Could anybody with access to the paper find out how much the "far less" is? Does this matter in big terms, or is it just a footnote to the main processes?
posted by clawsoon at 12:05 PM on October 25, 2019 [1 favorite]

They don't do an exact calculation for this as a net phenomenon. Their study covers a single watershed, the Lake Hazen watershed. They estimate that this watershed acts as a net sink for about 1020 Mg of carbon annually. Their per-area comparison with the Amazon basin is based on calculations from another paper, which reports a value of 0.38 Pg-C annually (which is 30% lower now than it was in the 90's due to deforestation). This means that the Lake Hazen watershed provides roughly 0.27% of the total carbon removal from the atmosphere that the Amazon basin does. There are fairly large error bars on that number since the amount of carbon captured by glacial meltwater seems to vary by at least a factor of 4 from one year to the next depending on the amount of glacial melting, and the amount of carbon captured by the Amazon is declining every year. But I think it's safe to say we're looking at this one arctic watershed providing less than 1% but more than 0.1% of the carbon capture that the Amazon does.

How representative this single watershed is isn't completely clear, and I don't have a sense of how many other glacial watershed systems there are in the arctic that would provide similar levels of capture.

It is also worth noting that much of the carbon capture by the glacial systems occurs by chemical weathering of minerals, meaning that that carbon is being at least temporarily removed from the biosphere and has a higher probability of leaving the carbon cycle altogether, as opposed to biotic carbon which will eventually be re-released into the atmosphere via respiration or combustion. (Unless carried to the bottom of the ocean or something in the form of a dead whale.)
posted by biogeo at 12:32 PM on October 25, 2019 [5 favorites]

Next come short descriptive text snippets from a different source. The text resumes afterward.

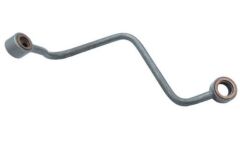 TURBO YAĞLAMA BORUSU MEGANE IV KADJAR DUSTER YENİ SANDERO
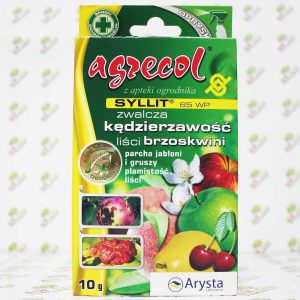 Agrecol Фунгіцид Syllit 65wp, 10г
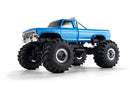 FMS 1/24 FCX24 Ford F-100 RC Truck RTR (Brushed)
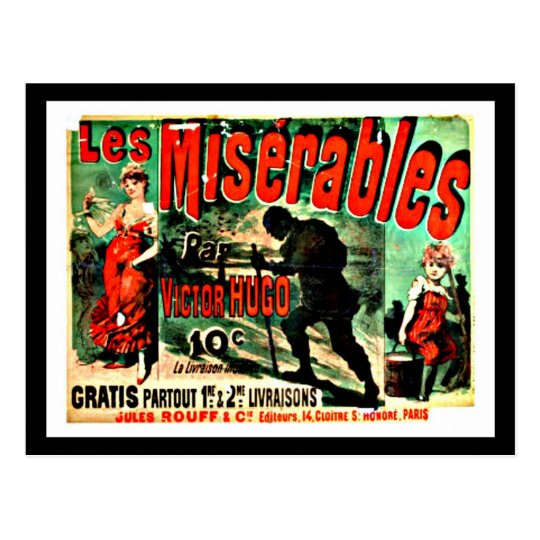 Postcard-Classic/Vintage-Jules Chéret 42 Postcard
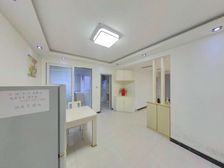 格局方正,全明户型,多条公交线路,小高层,采光好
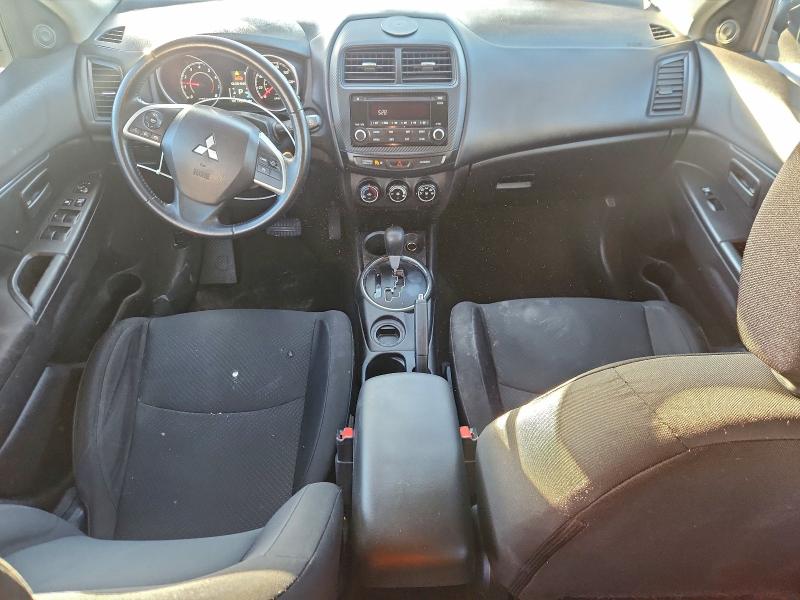 Фото 8 - MITSUBISHI OUTLANDER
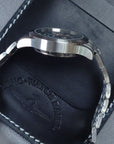 瑞士 Zeno-Watch Basel Military Speical Daydate Automatic watch - 5206A-a1M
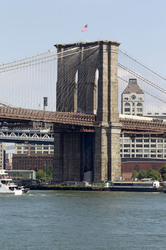 Brooklyn Bridge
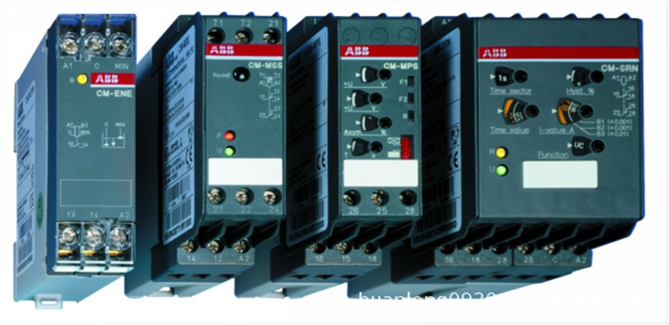ABB  �̵��� CT-S�� CT-D��  CM ϵ��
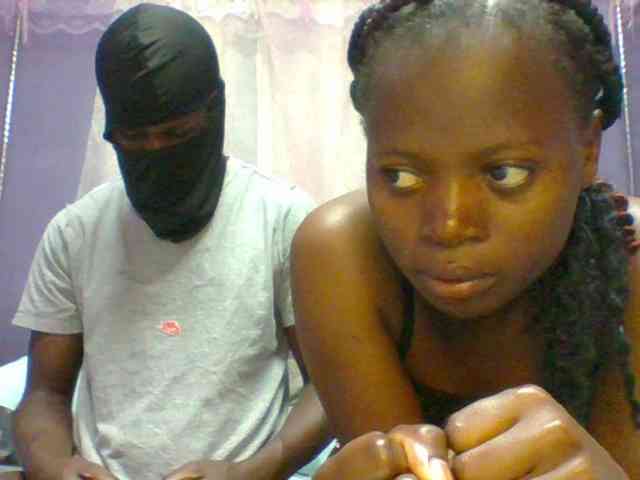 Africanmandk Africanmandk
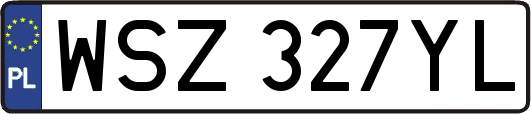 WSZ327YL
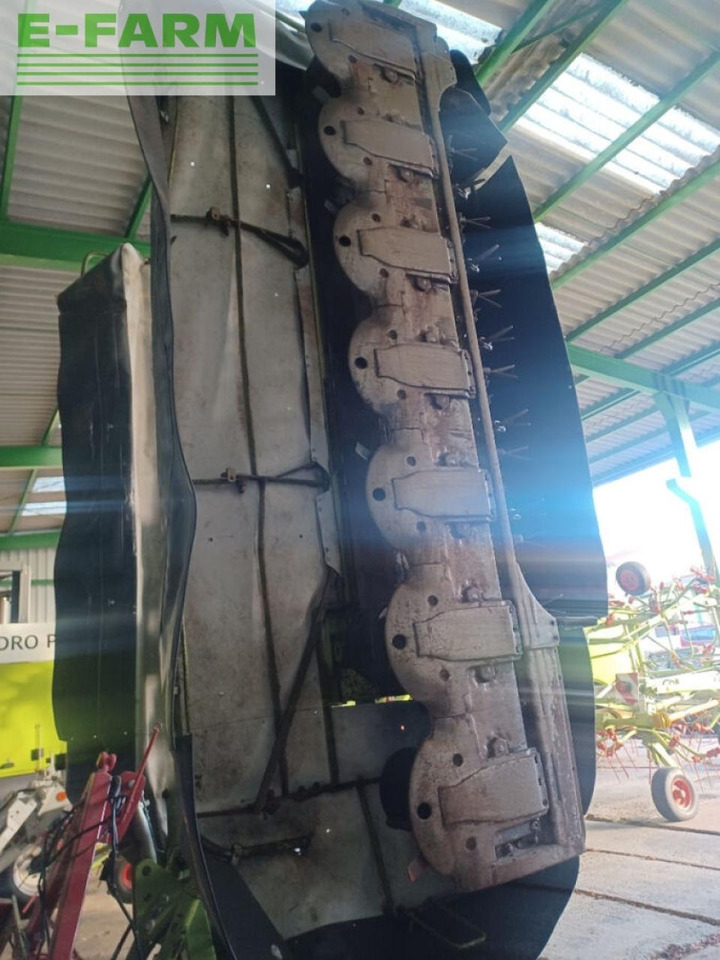 CLAAS disco 8550 c plus rüfa - Косилка: фото 5 CLAAS disco 8550 c plus rüfa - Косилка: фото 5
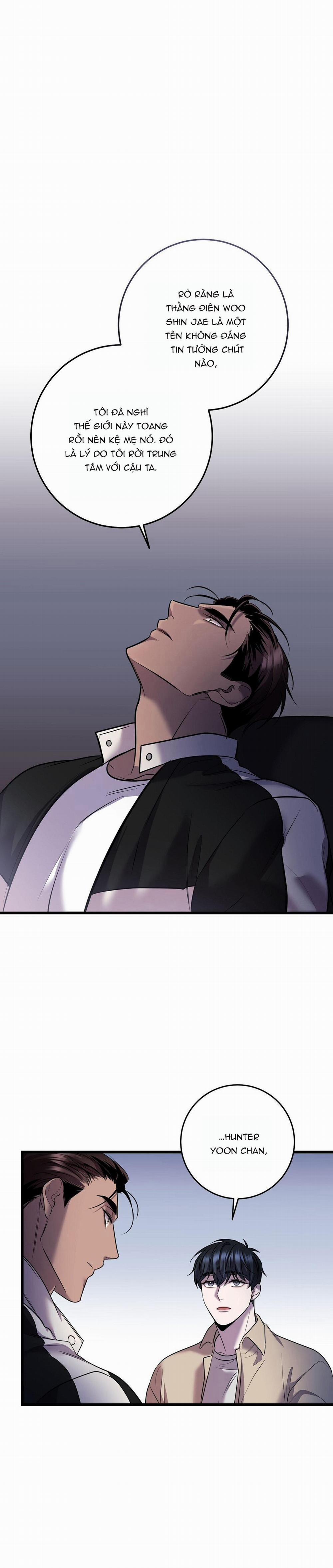 Đáy Sâu Tuyệt Vọng 46 trang 10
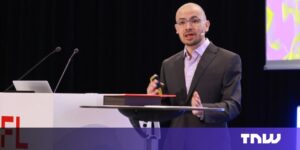 Iris.ai CEO Cautions That DeepMind's Latest Research Regulations May Hinder AI Innovation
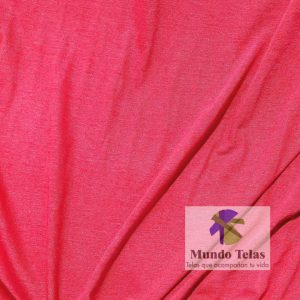 MODAL LISO ROJO COD:978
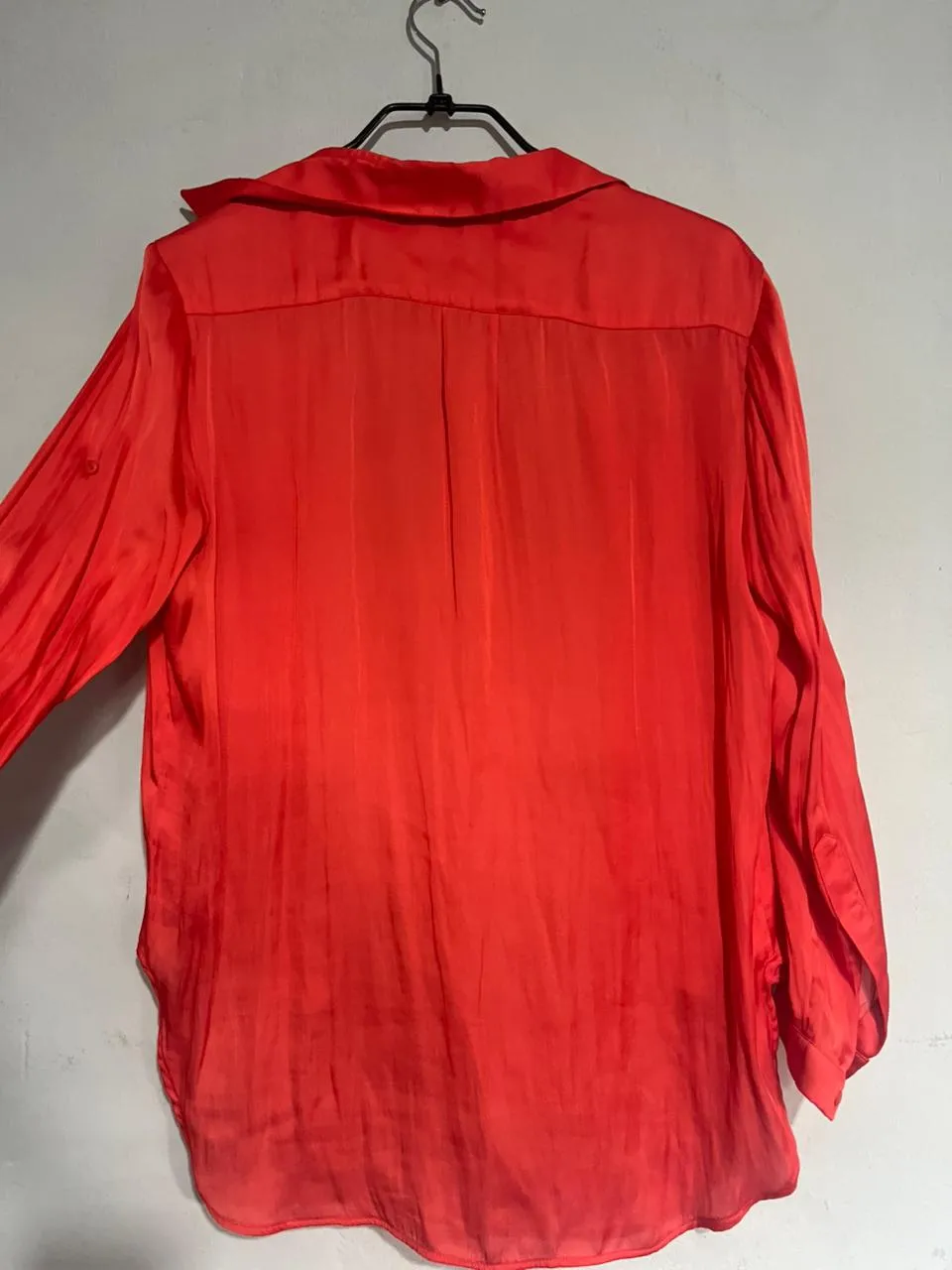 Camisa Paula Cahen D'Anvers - Vista 2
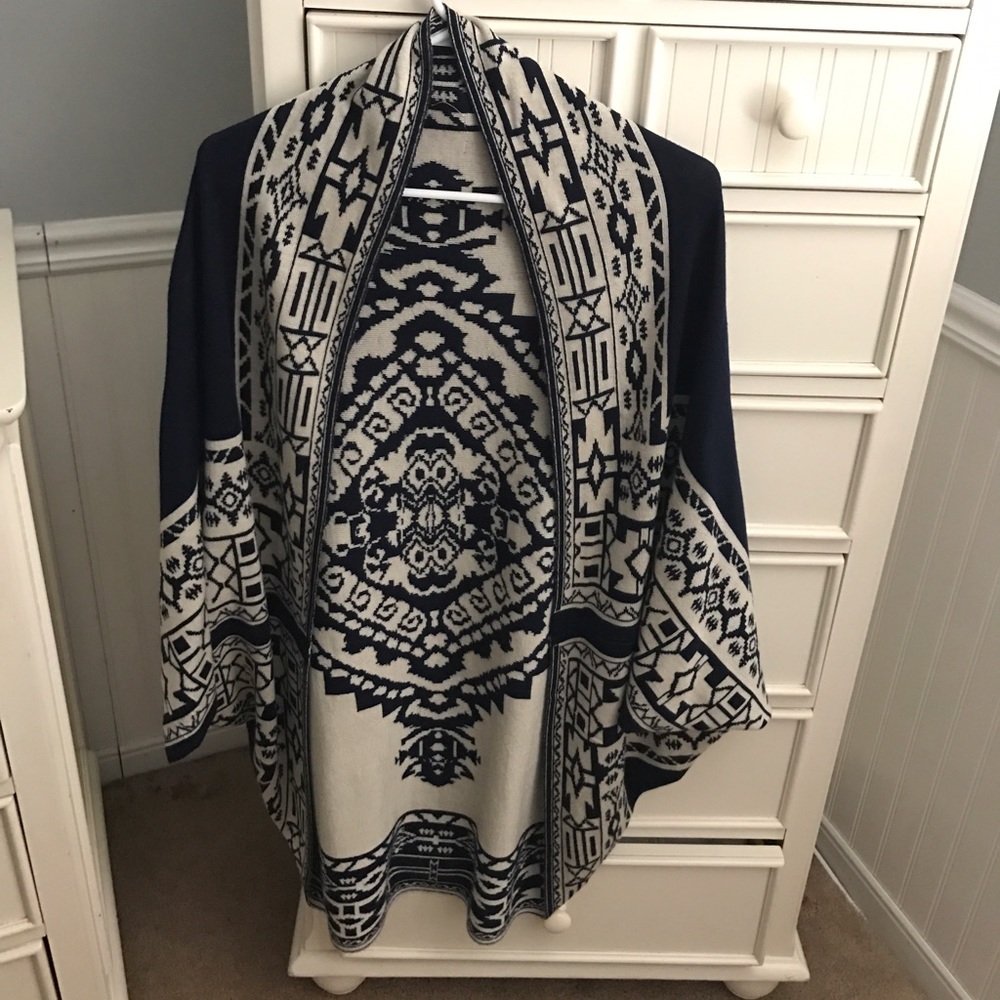 Top shop cardigan never worn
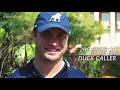Devlin Hodges Shoots for the Walter Payton Award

My hope for the future is that we'll use this buffer wisely, and people in 2140 will sit there reading a book to the kids that's like The Giving Tree but about a glacier.

(and at the end it's starting to refreeze into its original majesty or seeing new little glaciers form nearby, idk i'm not a children's author.)
posted by Tess of the d'Urkelvilles at 12:36 PM on October 25, 2019 [2 favorites]

As glacial ice melts and methane hydrate ice reserves are opened up and begin releasing methane (with ~30x heating capacity as CO2), I'm curious if this is accounted for in offset measurements. I'll have to wait until I get behind my lab's paywall to read it properly.
posted by They sucked his brains out! at 12:54 PM on October 25, 2019 [2 favorites]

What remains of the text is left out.